→ Data extracts:
'''

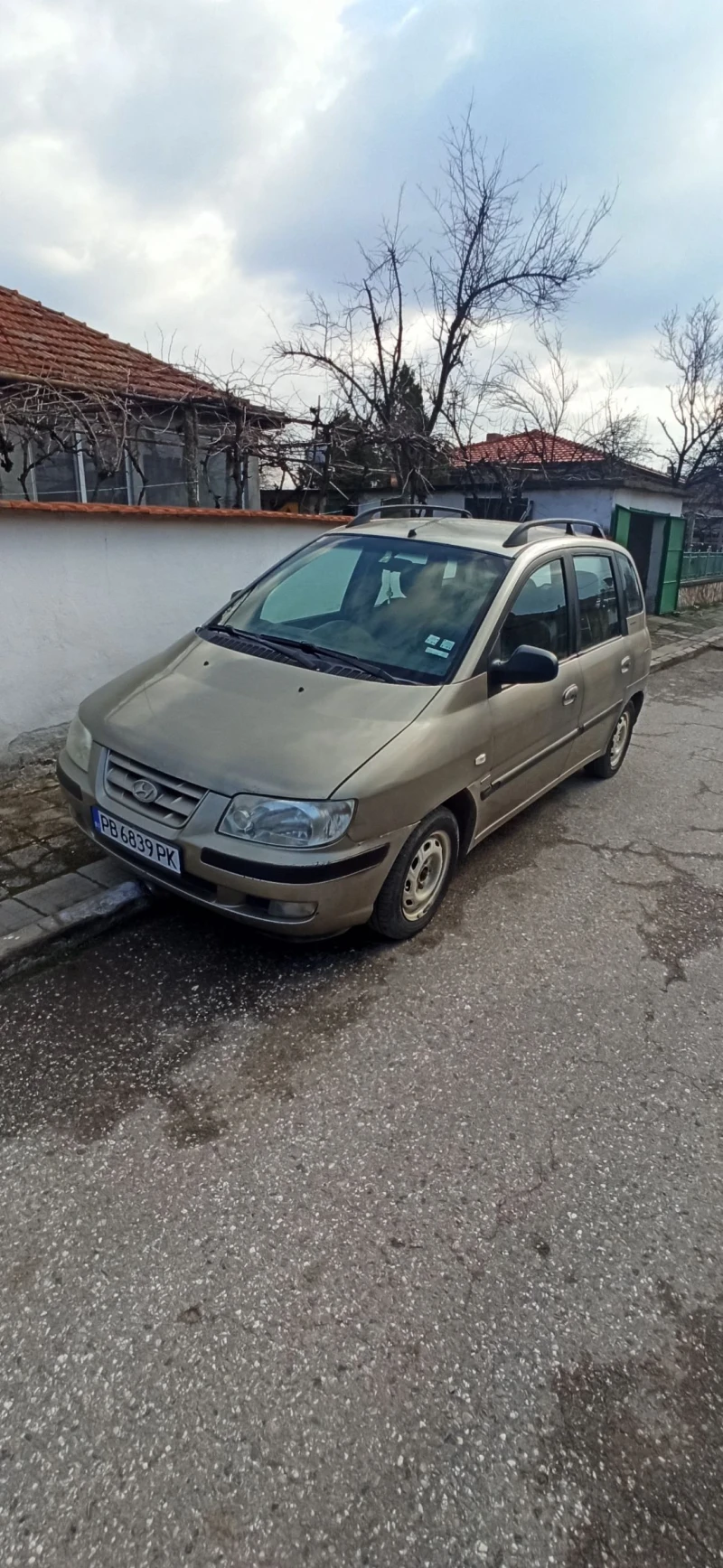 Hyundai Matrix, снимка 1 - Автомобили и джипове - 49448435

'''
'''

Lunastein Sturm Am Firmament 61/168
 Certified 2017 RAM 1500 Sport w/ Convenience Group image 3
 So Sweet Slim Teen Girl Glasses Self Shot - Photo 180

'''
'''

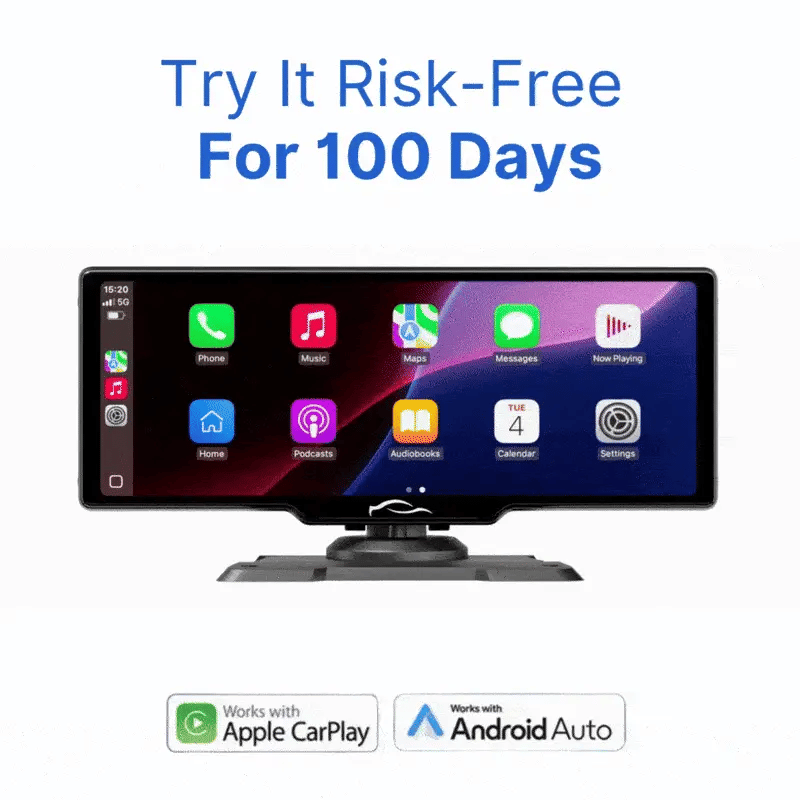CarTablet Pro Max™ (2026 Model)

'''

→ Brief: Return a word-for-word copy of the lines above from the one holding "Lunastein Sturm Am Firmament 61/168" through the one holding "So Sweet Slim", with both of them included and nothing besides.

→ Result of the exercise:
Lunastein Sturm Am Firmament 61/168
 Certified 2017 RAM 1500 Sport w/ Convenience Group image 3
 So Sweet Slim Teen Girl Glasses Self Shot - Photo 180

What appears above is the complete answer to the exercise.